Bei den Ausgrabungen fanden sich nicht nur unerwartete Nachbarn, sondern auch die ältesten flächig nachgewiesenen Siedlungsspuren auf dem heutigen Stadtgebiet Hochheim. Bereits in älteren Luftbildern ließen sich erste Anomalien erkennen: eine Geschützstellung des 2. Weltkriegs und die Nähe zur spätmittelalterlichen „Mainzer Landwehr“ machten eine archäologische Voruntersuchung unabdingbar. Die ersten Untersuchungsergebnisse der Geomagnetik verstärkten die Vermutung der Archäologie und zeigten zahlreiche archäologische Verdachtsstellen auf, die durch die Bauarbeiten unwiederbringlich zerstört werden würden. Daher wurde eine Grabung notwendig. Mit der Durchführung der eigentlichen Arbeiten, die von Oktober bis Dezember 2021 andauerten, wurde die Fachfirma AAB Archäologie (Berlin) unter der örtlichen Leitung von Frau Silke Hesemann M.A. beauftragt.

Unerwartete Nachbarn

Was begann wie eine normale Maßnahme, entwickelte sich jedoch schnell zu einem Unikat. Denn nicht nur mussten Hesemann und ihr Team eine Vielzahl potenzieller Befundstellen in überschaubarer Zeit untersuchen, es tauchten zudem noch einige ungeplante Nachbarn auf, die die Grabungen erschwerten: Feldhamster. Die in ihren unterirdischen Bauten ruhenden, unter Schutz stehenden Winterschläfer galt es nicht zu stören.

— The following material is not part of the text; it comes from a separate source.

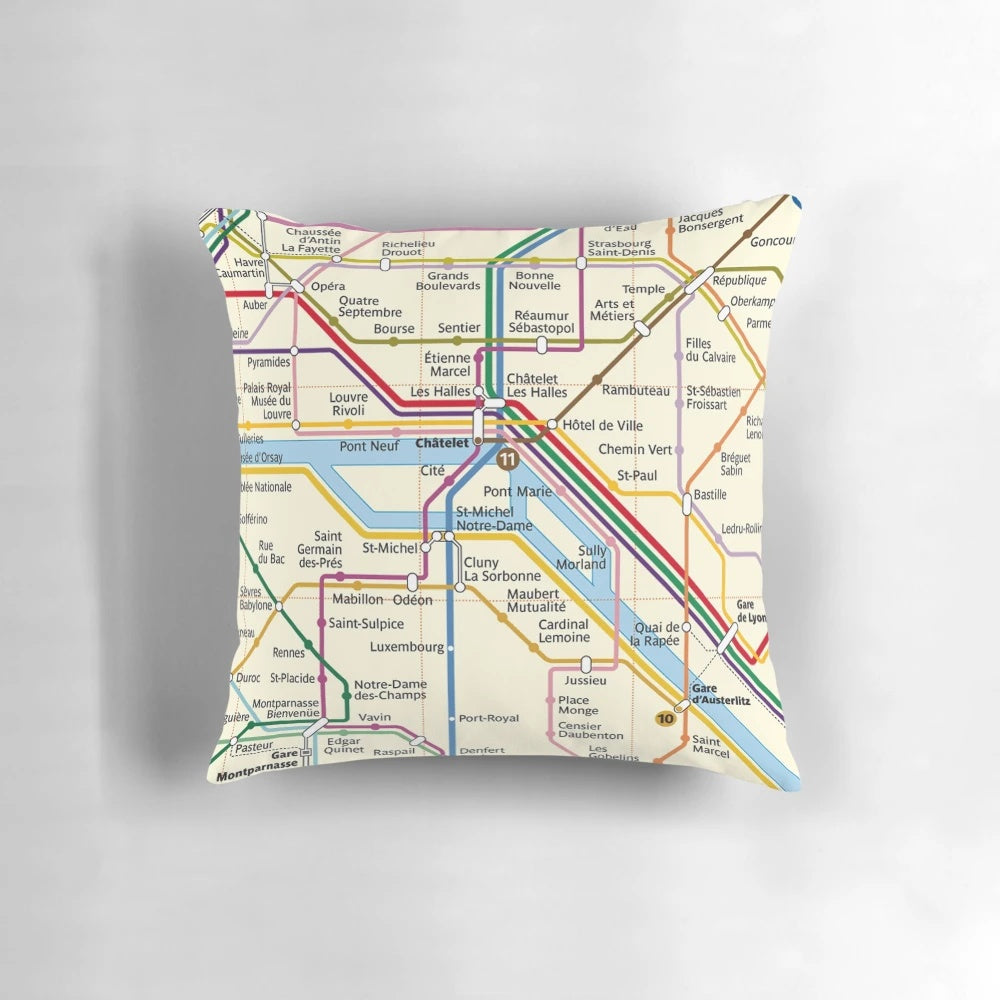 Colorful and detailed Paris metro map printed on a high-quality throw pillow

Zum Glück für alle Beteiligten kamen sich die Archäologinnen, Archäologen und Feldhamster kaum in die Quere. Bereits in der Planung wurden die Grabungsflächen sehr präzise auf die Befunde zugeschnitten, und selbst die Bagger wurden mit eigens abgesteckten Fahrstrecken vorsichtig um die Hamsterbauten herumgeführt. Dank der guten Zusammenarbeit zwischen Stadt, Fachfirma und hessenARCHÄOLOGIE und einer rechtzeitigen Planung konnten auch diese Hürden im Zeitplan gemeistert werden.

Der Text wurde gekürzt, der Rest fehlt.